The donations are routed not to the ISSDA, which is a trade association of law enforcement officials, but to the ISSDA Institute, which is run by the same board of directors but is organized as a public charity so that donors can deduct contributions from their taxes.
Less than half of what the institute receives as its share of the fundraising proceeds is spent each year on the programs outlined in the solicitations: law enforcement training, Iowa Special Olympics and camp scholarships. The net result is that of all the money donated by Iowans, roughly one-third is used by the ISSDA Institute for the stated purpose.
For example, in 2019, Iowans donated $416,896 to the institute. After the fundraiser’s expenses were met, the institute was left with $247,124, and it spent a total of $137,186 on the programs outlined in the solicitation.

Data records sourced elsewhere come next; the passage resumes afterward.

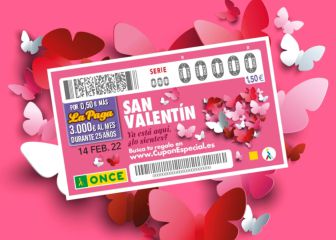 Cupón de San Valentín de la ONCE: comprobar los resultados del sorteo hoy, lunes 14 de febrero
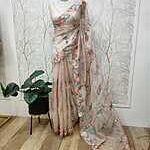 Kota Silk With Hanging Flower Design - Image 8
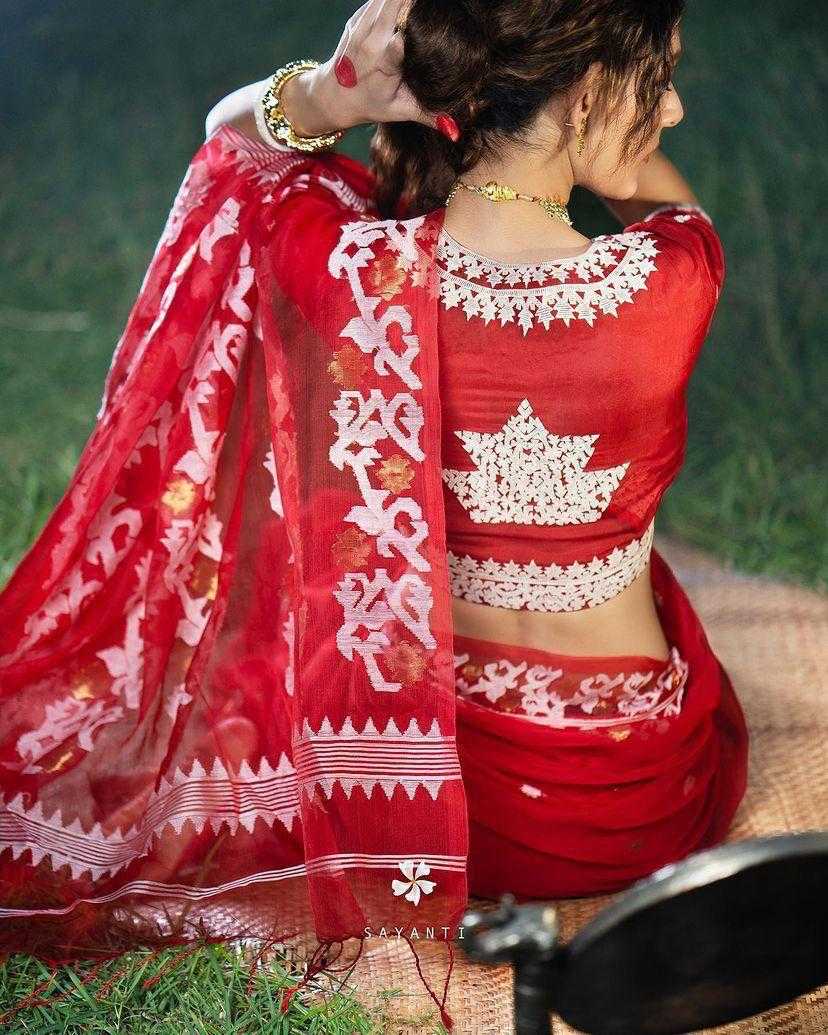 Heavy Soft Organza with Beautiful C -Pallu with Heavy Embroidery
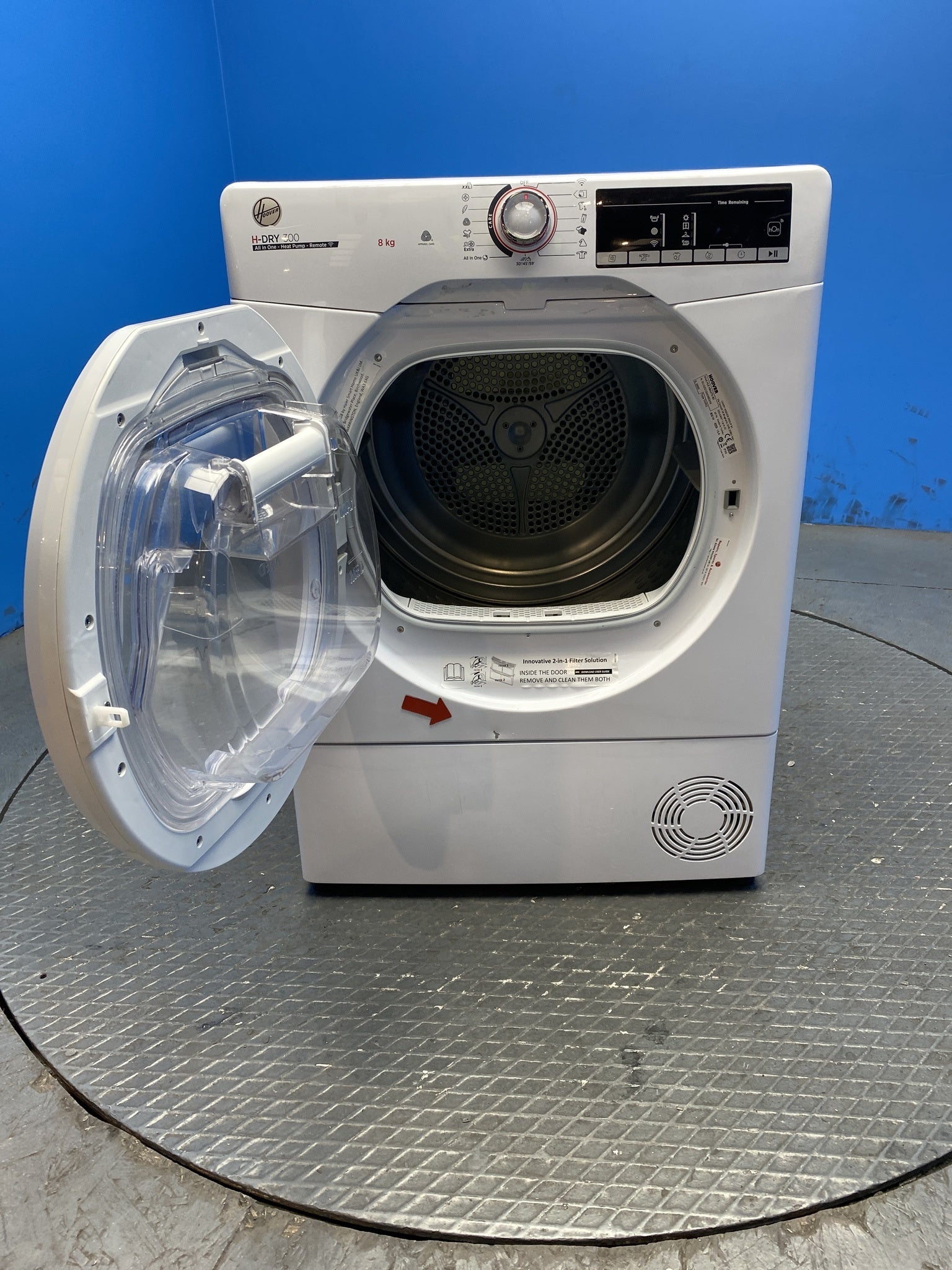 Hoover HLE H8A2TE-80 8kg Heat Pump Tumble Dryer with Wi-Fi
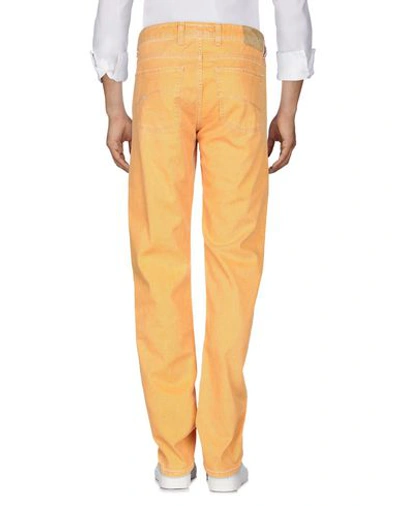 Shop Pt05 Pt Torino Man Jeans Ocher Size 32 Cotton, Elastane In Yellow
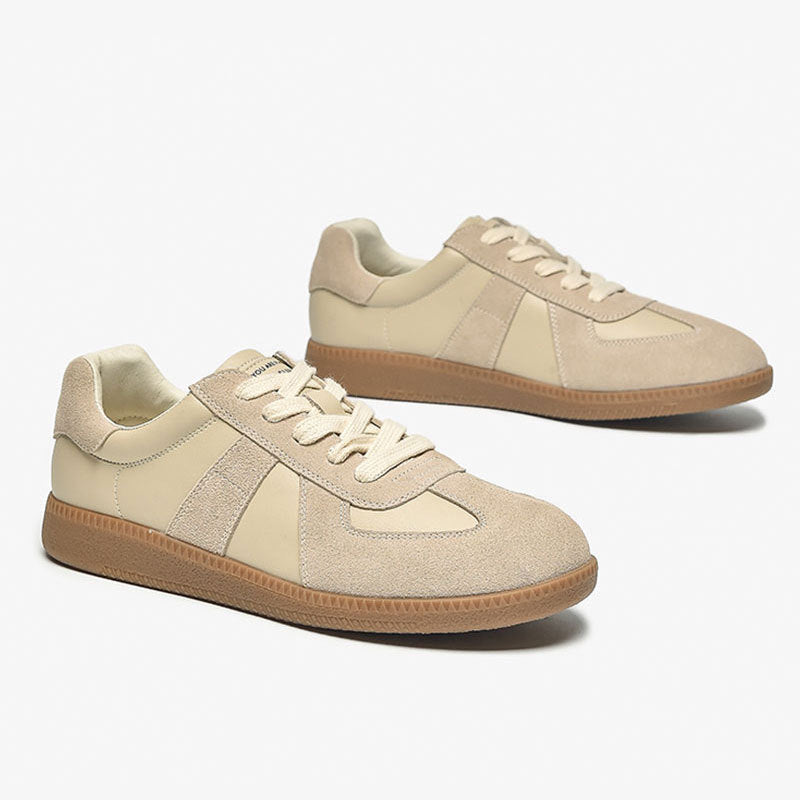 Women's Leather Shoes Retro White Sports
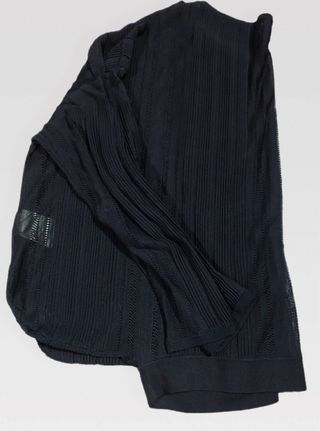 Tom Ford Felpa Pipistrello Nera Trasparente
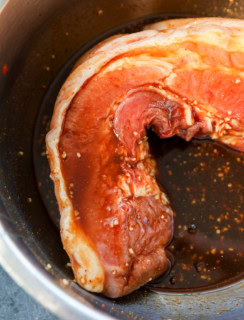 easy marinade in a bowl with meat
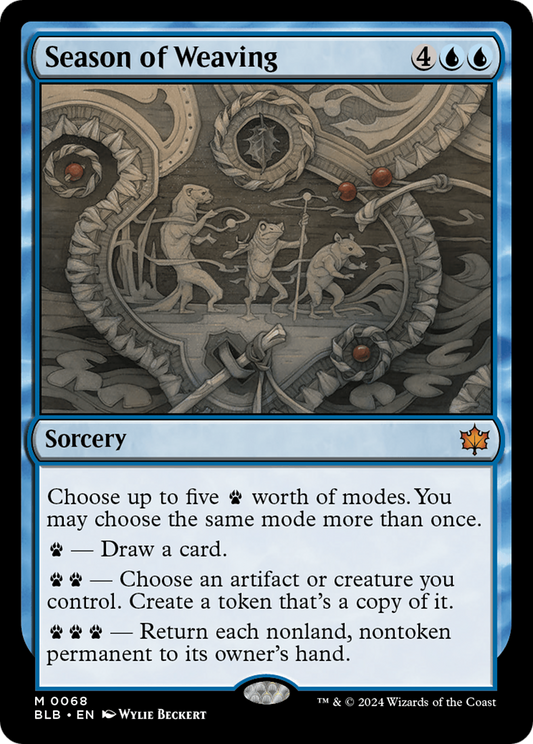 Season of Weaving [Bloomburrow] Foil
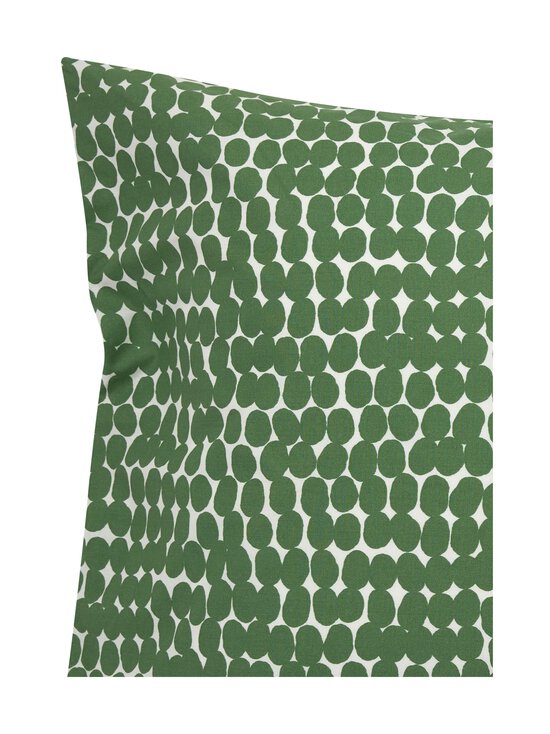 Casa Stockmann - Rivi-perkaalityynyliina - GREEN/SOFT WHITE COMBO | Stockmann - photo 4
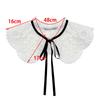 Autumn/Winter Detachable Wool Embroidered Lace Ruffle Collar Dickey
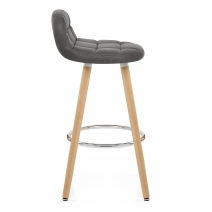 Sgabello Ecopelle Antica Legno - Sole Grigio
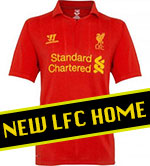 New Liverpool FC Official Home Shirt 2012-13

The president of the ISSDA, Capt. Randy Rowland of the Linn County Sheriff’s Office, declined to speak to the Iowa Capital Dispatch about the association’s fundraising efforts, as did several other board members.
Last week, central Iowa residents began receiving a new round of direct-mail solicitations on a letterhead that states, in bold letters, “from SHERIFF Kevin Schneider, Polk County” alongside the badge-shaped insignia of the institute. The letter is signed by Schneider not as an ISSDA member but as the county sheriff.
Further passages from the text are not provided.